Lançada em março de 2018, a primeira temporada de O Mecanismo foi logo acusada por setores da esquerda de ser uma diatribe contra o ex-presidente Lula. De nada adiantou o diretor José Padilha reiterar que a série não era contra esse ou aquele partido, mas contra todos os que participariam do chamado "mecanismo": o sistema de governo lubrificado com propinas que, em seu entender, se instalou no país desde a redemocratização.
A segunda safra do programa, disponível na Netflix a partir de sexta (10), deixa esse posicionamento mais claro. Mas Padilha nega que tenha reagido às críticas e se esforçado para ser mais imparcial. Segundo ele, os novos episódios apenas seguem a linha do tempo da Operação Lava-Jato da vida real, que, depois de incriminar e prender vários petistas, avançou sobre o PMDB e o PSDB.

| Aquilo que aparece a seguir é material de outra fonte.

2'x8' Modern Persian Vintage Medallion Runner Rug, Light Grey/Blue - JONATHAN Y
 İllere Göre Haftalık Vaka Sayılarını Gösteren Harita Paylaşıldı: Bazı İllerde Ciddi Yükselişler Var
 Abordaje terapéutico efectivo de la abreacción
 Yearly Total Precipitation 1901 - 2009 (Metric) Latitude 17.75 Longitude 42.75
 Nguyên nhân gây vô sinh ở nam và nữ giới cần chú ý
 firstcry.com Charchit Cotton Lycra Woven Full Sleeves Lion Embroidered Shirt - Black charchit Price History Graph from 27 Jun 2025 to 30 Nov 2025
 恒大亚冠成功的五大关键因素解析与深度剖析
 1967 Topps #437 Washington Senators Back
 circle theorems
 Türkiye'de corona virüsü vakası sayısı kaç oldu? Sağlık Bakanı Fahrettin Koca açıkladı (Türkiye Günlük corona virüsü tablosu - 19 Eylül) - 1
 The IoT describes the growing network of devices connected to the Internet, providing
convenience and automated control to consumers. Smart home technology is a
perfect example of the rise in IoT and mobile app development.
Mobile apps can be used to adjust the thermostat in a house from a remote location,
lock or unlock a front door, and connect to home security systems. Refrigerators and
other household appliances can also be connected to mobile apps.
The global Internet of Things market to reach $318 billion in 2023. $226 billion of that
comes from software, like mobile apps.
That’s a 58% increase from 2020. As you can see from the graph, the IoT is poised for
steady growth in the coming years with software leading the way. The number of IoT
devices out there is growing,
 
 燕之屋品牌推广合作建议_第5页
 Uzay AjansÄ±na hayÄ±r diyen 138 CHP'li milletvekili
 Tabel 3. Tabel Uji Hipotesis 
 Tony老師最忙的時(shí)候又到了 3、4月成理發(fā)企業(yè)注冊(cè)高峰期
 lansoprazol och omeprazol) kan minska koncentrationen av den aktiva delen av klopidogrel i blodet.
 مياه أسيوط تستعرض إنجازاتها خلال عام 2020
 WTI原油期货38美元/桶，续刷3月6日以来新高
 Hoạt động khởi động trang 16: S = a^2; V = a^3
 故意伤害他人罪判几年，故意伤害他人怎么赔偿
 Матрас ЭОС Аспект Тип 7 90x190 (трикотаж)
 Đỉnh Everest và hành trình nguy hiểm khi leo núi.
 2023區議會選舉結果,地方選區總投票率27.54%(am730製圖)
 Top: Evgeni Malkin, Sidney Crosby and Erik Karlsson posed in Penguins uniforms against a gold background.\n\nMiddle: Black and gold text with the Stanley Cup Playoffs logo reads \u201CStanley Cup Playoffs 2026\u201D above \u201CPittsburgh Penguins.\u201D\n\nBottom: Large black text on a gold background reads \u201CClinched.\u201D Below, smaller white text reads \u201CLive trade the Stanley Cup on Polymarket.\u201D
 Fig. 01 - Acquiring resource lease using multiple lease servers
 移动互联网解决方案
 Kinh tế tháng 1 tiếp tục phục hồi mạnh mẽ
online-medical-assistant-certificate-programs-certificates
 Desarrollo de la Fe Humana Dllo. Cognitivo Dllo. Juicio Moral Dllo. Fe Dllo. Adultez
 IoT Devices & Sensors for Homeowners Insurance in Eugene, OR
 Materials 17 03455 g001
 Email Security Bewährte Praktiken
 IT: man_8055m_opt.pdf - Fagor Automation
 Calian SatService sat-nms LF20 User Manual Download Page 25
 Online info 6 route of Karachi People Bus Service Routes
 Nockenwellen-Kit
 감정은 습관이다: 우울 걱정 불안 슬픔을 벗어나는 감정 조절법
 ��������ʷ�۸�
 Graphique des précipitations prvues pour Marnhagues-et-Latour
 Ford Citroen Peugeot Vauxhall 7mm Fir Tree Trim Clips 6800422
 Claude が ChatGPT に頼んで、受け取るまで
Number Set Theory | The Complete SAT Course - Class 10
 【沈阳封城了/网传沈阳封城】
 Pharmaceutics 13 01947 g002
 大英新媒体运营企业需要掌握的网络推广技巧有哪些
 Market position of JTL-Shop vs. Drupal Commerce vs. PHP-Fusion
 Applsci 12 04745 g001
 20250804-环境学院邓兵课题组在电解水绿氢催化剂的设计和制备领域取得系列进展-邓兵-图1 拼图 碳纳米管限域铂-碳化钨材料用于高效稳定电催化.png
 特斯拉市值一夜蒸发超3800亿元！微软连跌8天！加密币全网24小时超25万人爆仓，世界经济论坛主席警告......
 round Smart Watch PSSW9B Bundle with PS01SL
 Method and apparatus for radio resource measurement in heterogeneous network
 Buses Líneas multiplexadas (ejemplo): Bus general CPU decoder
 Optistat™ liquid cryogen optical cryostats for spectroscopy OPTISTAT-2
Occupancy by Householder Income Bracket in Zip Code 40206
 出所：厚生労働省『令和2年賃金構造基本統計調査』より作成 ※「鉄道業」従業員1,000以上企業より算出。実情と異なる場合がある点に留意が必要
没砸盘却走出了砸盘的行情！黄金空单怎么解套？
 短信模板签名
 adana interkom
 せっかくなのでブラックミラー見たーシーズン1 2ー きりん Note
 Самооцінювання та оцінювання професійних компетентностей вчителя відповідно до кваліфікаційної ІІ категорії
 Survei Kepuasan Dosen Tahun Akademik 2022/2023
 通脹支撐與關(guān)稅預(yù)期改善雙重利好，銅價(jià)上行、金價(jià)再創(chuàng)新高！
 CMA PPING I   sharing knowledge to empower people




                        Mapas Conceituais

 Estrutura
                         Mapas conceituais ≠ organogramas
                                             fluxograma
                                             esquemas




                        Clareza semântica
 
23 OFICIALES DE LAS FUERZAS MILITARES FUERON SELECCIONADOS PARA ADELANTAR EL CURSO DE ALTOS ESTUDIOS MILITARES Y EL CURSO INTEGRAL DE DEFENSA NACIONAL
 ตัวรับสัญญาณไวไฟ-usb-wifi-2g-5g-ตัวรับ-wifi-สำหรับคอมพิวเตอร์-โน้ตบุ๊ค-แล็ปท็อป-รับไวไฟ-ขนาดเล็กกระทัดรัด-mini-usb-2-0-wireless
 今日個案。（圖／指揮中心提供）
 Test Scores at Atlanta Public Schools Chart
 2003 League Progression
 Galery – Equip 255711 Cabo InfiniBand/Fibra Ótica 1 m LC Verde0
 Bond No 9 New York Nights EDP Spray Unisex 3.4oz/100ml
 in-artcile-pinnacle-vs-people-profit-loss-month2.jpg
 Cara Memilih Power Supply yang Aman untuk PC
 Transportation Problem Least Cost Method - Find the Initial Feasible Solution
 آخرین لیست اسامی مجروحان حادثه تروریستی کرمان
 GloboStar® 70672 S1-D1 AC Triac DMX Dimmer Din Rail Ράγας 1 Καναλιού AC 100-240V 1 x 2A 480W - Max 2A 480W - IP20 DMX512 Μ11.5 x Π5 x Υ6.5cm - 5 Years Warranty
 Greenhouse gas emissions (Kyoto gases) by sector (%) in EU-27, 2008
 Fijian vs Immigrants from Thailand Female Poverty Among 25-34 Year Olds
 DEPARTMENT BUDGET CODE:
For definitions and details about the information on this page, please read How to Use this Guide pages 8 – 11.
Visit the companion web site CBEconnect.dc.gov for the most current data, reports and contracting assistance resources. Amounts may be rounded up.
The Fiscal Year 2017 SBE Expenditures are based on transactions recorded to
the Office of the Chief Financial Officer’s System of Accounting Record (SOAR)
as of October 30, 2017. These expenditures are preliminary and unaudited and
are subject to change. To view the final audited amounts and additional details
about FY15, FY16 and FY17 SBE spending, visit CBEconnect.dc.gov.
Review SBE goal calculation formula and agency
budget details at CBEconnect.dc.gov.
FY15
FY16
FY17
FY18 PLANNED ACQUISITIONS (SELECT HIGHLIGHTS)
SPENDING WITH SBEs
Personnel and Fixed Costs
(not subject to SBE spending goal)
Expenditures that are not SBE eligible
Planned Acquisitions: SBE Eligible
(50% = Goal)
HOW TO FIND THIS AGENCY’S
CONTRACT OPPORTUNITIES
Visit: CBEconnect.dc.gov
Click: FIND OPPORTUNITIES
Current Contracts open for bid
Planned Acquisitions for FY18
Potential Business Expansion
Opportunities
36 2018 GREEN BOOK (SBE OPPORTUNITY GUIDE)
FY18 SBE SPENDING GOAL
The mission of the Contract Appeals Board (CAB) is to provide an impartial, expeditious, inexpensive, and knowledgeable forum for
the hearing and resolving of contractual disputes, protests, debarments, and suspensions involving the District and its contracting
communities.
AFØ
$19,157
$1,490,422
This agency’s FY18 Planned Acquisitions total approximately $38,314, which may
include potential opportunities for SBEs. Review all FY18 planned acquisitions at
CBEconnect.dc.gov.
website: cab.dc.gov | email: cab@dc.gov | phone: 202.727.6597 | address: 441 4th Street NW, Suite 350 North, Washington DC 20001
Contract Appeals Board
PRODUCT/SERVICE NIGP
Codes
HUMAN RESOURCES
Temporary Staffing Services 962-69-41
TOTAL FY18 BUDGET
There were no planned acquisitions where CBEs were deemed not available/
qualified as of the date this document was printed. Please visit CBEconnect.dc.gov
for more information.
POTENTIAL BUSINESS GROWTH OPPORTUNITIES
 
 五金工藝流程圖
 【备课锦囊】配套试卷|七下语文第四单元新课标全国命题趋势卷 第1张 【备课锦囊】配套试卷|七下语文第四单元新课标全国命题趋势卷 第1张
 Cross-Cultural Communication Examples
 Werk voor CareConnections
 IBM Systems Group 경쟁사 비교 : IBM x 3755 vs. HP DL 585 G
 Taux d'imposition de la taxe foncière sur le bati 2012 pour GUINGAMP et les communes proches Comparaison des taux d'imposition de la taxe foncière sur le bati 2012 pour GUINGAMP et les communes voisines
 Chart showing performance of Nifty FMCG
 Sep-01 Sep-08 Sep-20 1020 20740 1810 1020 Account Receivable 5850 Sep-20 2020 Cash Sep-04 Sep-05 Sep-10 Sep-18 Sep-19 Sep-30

A princípio, os políticos pouco aparecem. Os primeiros capítulos da segunda temporada focam mais o aspecto policial da investigação. Há um tiroteio dentro de um barco no rio Paraná, que termina com um saldo de dois mortos — algo que nunca aconteceu de verdade. É eficiente como thriller, mas aumenta a ansiedade de quem quer ver logo os avatares de figuras como Lula (Gino), Dilma Rousseff (Janete Ruscov), Michel Temer (Samuel Themes) e Aécio Neves (Lucio Lemes).
Essa expectativa é plenamente atendida na segunda metade da temporada. Ricardo Bretch (a versão de Marcelo Odebrecht feita por Emilio Orciollo Neto) vai preso, denunciado por sua secretária, e entra em rota de colisão com o pai, dono da empreiteira Miller & Bretch. O senador Lucio Lemes aparece cheirando cocaína e dizendo que é preciso "estancar a sangria" provocada pela Lava-Jato.
A frase, dita por Romero Jucá em um telefonema grampeado em 2016, foi replicada por Lula/Gino (Arthur Kohl) na primeira temporada, e causou furor entre as hostes petistas. Para mostrar que a intenção dessas palavras é inerente a todo o "mecanismo", os roteiristas agora a puseram na boca de Lucio/Aécio. Vamos ver como reagem as redes sociais.
Os dramas pessoais do ex-policial Rufo (Selton Mello) e de sua colega ainda na ativa, Verena (Caroline Abras), ocupam boa parte do tempo, e não despertam maior interesse. Mas quem insistir será recompensado com um soberbo episódio final, repleto de bons momentos.
Há a dúvida que permeia alguns integrantes da Polícia Federativa (como a Polícia Federal é chamada na série) quanto à divulgação de uma conversa entre Gino e Janete, gravada fora do prazo estipulado. Há o impeachment de Janete, visto como um desdobramento catastrófico pelos protagonistas. E há até uma conclusão desalentadora sobre a ascensão de um deputado de extrema-direita, escrita e gravada antes da vitória de Bolsonaro.
Retratando acontecimentos de três anos atrás e lançada depois do resultado das eleições de 2018, a segunda temporada de O Mecanismo perdeu um pouco da urgência original. Mas oferece um panorama mais equilibrado do que se passou no Brasil nos últimos tempos. Talvez até os petistas gostem.